Days later the number of chicks was down to seven. I counted the survivors as the parents corralled their babies at the weedy edge of the water.

The pond has secluded spots, so I did not see the whistler family every day. But the next time they were in view, the chick count was down to five. I also witnessed several turtles waiting just a few feet away from the shore.

Mother Nature can be a cruel judge of foolishness. As an observer of absolutely adorable polk-a-dot whistler chicks scooting through the blades of grass, I rationalized the purpose of natural processes. Academically, I accepted the eminent reality. Emotionally, I wanted to interfere; to change the outcome and chase the red-eared sliders into the brush where they could not maneuver so easily toward their next meal.

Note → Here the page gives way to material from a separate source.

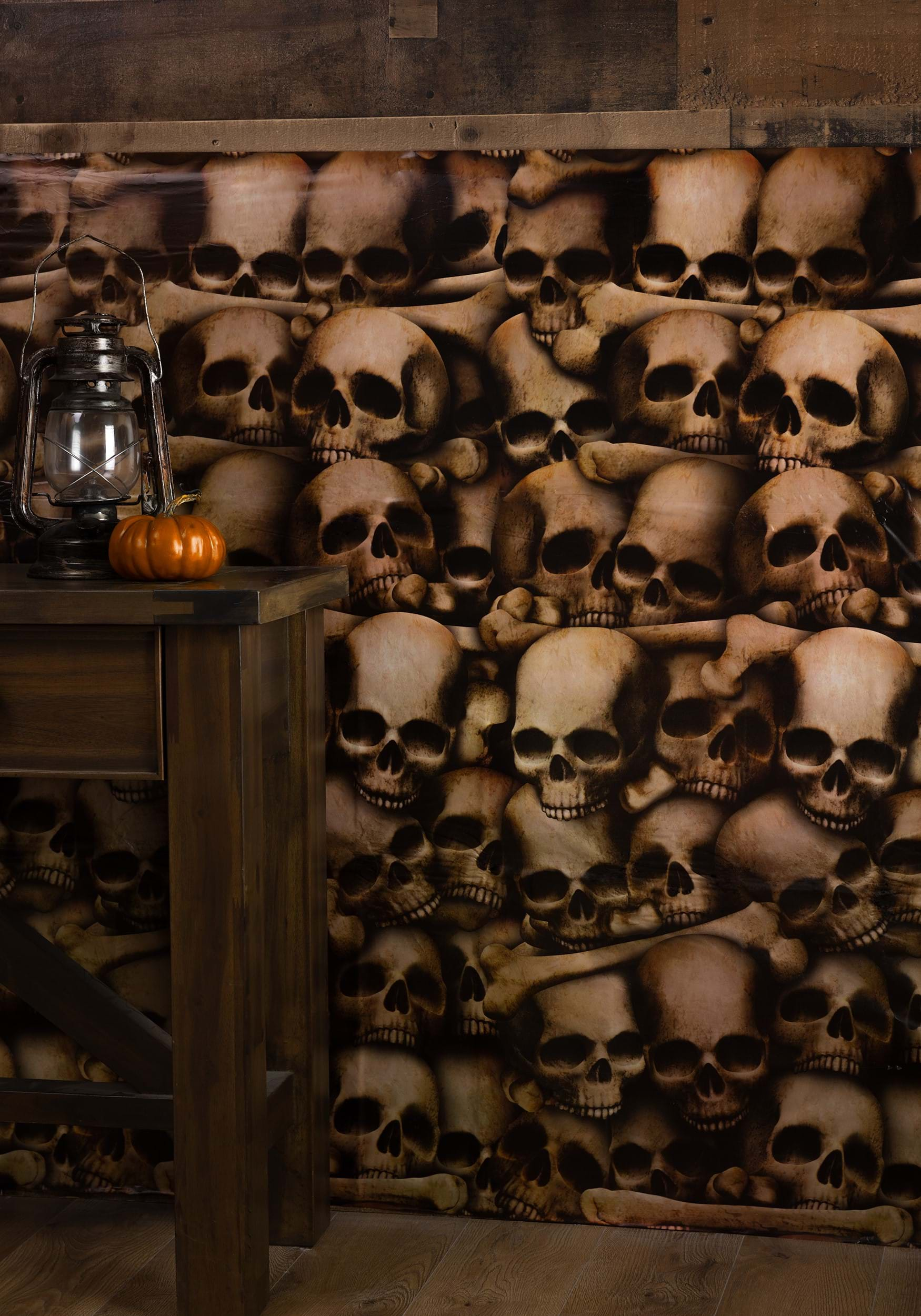 Wall Of Skulls Catacombs Backdrop Prop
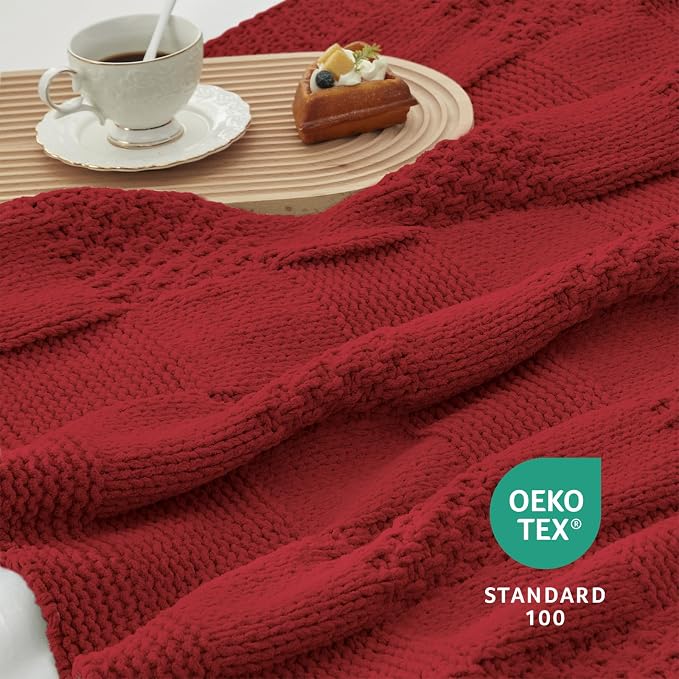 Knit Throw Blanket, Soft Chenille Cozy Breathable Checkered Chunky Decorative Blanket for Couch, Bed & Sofa, French-Inspired Lightweight Warm Gift for Women, Christmas Red, 50"x60"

“Mother’s creatures. You’re part of the system. Pay attention,” I shouted. No one listened.

Still more days passed until the next time I noticed the whistlers. There were only three chicks left. The August heat and red-eared sliders had all but wiped out the family. The obvious saddened me.

Less than a week later I came upon the pond with anticipation. I hoped for good news, but feared nature’s reality. There was only one baby left. I stopped running to be sure of the count. The single tiny chick stayed in the safety zone between its parents.

“Maybe it will survive,” I said out loud, as if to force the ducks and turtles toward different rules in the hope that the black-bellied whistling ducks could somehow beat Mother Nature’s unforgivable ways. “Let the baby win.”

Today, one month after their blessed event, the parent whistlers stood alone at the water’s edge.

“Nature. First, last and always,” said Mother.